There are lots of details about the internals of eBPF program types, where they can be hooked, and the type of context they work with all over the interwebs (links at the end of this blog). We will skip this to focus next on what are the various different things people are already doing, and some “out there ideas” that can  get people to start thinking in a different direction.

Before we go, note that most of the complexity of pushing code into kernel and then using helper-functions and tail-calls is being progressively reduced under the IO Visor Project’s github repository. This includes the ability to build code and manage maps through a python front-end (bcc) and a persistent file system in the form of bpf-fuse.

…. ask what eBPF can do for you?

So now that we understand the basics of the eBPF ecosystem, we discuss a few opportunities arising from having a programmable engine inside the kernel. Some of the ideas I will be throwing out there are already possible or being used, while others require some modifications to the eBPF ecosystem (by e.g., increasing the type of maps and helper functions)  — something a creative developer can upstream into the Linux kernel (not easy, I know!).

Security

While BPF was originally meant to help in packet-filtering, the seccomp patch allowed for mechanism to trap system calls and possibly block them, thereby limiting the number of calls accessible to an application.
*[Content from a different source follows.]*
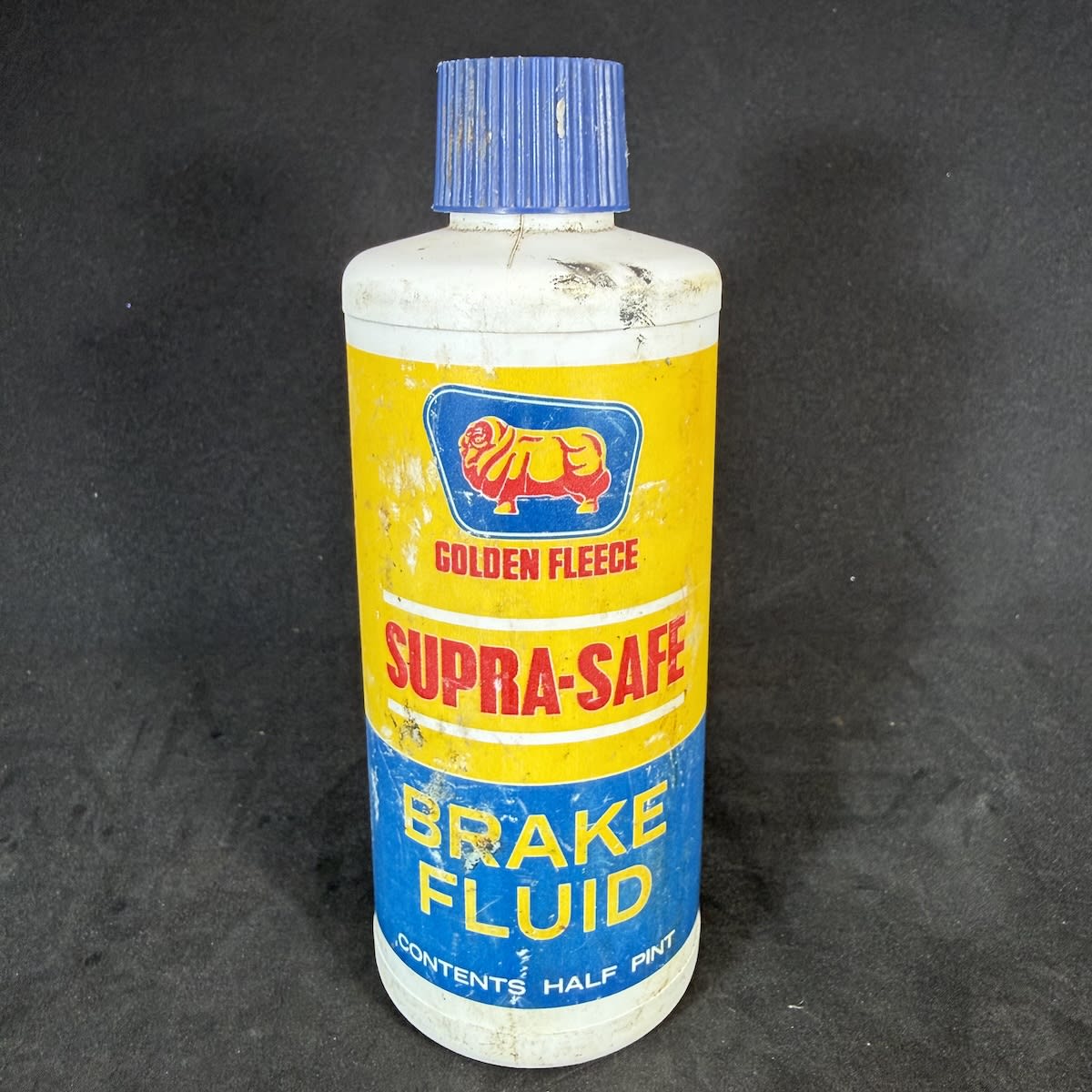 Garaganelia. Golden Fleece Supra-Safe Brake Fulid Half Pint Plastic bottle. Golden Fleece Petroleum.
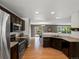 Spacious kitchen with dark wood cabinets, stainless steel appliances, and hardwood floors at 11082 Fillmore Way, Northglenn, CO 80233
With eBPF ability to have shared maps across instances, we can do dynamic taint analysis which has a minimal overhead. This will increase ability to track and stop malware and security breaches.

Similarly, with the ability to keep state, it will be trivial to implement stateful packet filtering. With eBPF, each application can also build their own filtering mechanism — thus web servers can post intelligent DDoS rejection programs, that block traffic at the kernel without disrupting the application thread, and can be configured through maps. These DDoS signatures can be generated using more involved DDoS detection algorithm present in the user-space.

Tracing

The introduction of eBPF has ignited significant interest in the tracing community. While I could describe several uses, the following blogs by Brenden Gregg (hist, off_cpu,uprobes), provide greater detail and convey the potential quite well.

Briefly, the ability to monitor kernel and user events (through kprobe and uprobe), then keep statistics in maps that can be polled from the user space provide  the key differentiation from other tracing tools. These are  useful as they enable the “Goldilocks effect” — the right amount of insight without perturbing the monitored system metric significantly.

Networking

Since eBPF programs can hook into different places of the networking stack, we can now program networking logic that can look at the entire payload, read any protocol header type, and keep state to implement any protocol machine. These capabilities allow for building a programmable data-plane inside commodity machines.

Another key feature of eBPF, the ability to call other programs, allows us to connect eBPF programs and pass packets between them. This in essence allows us to build an orchestration system that can connect eBPF program and implement a chain of network functions. Thus  third party vendors can build best-of-breed network elements, which can then be stitched together using the tail-call capability in eBPF. This independence guarantees greatest possible flexibility for users planning to build a powerful and cost-effective data-plane. The fact that PLUMgrid builds its entire ONS product line on top of this core functionality is a testament to its potential in this area as well.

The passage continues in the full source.